Exercise requirements ->
The answer must consist of every line in the data below that holds the word "Honda".

Material provided ->
BEGIN
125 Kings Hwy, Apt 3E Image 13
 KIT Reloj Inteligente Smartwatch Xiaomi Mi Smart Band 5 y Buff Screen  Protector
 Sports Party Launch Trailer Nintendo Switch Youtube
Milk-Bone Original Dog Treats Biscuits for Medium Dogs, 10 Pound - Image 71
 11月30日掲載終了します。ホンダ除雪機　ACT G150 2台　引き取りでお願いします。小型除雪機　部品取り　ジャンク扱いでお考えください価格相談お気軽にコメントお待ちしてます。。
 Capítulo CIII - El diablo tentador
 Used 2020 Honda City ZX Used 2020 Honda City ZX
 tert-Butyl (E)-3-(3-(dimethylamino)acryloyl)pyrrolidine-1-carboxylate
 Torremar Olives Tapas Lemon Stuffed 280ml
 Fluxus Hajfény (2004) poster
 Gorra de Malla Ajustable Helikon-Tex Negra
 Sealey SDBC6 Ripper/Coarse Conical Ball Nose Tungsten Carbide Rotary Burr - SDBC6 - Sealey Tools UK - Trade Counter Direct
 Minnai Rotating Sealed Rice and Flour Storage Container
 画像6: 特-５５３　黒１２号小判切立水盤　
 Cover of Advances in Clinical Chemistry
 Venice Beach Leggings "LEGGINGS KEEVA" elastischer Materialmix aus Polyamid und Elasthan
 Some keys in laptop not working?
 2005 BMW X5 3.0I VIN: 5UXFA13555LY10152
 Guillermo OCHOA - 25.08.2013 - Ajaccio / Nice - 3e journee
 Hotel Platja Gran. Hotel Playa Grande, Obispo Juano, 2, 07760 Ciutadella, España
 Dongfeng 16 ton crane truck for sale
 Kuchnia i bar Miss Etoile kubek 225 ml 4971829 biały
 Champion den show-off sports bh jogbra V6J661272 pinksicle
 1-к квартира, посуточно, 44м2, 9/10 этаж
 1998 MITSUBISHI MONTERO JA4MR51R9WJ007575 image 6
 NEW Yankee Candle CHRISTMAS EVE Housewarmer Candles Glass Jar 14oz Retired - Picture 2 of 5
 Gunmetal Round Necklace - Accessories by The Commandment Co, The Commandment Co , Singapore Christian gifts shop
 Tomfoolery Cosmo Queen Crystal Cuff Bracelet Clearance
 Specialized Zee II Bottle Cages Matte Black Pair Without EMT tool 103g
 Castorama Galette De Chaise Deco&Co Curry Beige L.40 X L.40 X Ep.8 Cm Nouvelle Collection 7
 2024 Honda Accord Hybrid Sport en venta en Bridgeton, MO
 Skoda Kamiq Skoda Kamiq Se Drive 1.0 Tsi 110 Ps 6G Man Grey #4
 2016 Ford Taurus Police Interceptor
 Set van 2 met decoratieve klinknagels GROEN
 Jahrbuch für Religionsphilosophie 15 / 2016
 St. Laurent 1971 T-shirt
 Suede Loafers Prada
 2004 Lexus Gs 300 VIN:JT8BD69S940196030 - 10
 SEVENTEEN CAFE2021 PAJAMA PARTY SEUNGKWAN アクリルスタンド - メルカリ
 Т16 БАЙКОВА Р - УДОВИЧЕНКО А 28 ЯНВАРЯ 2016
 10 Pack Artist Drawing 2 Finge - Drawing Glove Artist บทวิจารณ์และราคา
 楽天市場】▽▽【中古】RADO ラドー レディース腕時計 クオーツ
END
Solved problem ->
 Used 2020 Honda City ZX Used 2020 Honda City ZX
 2024 Honda Accord Hybrid Sport en venta en Bridgeton, MO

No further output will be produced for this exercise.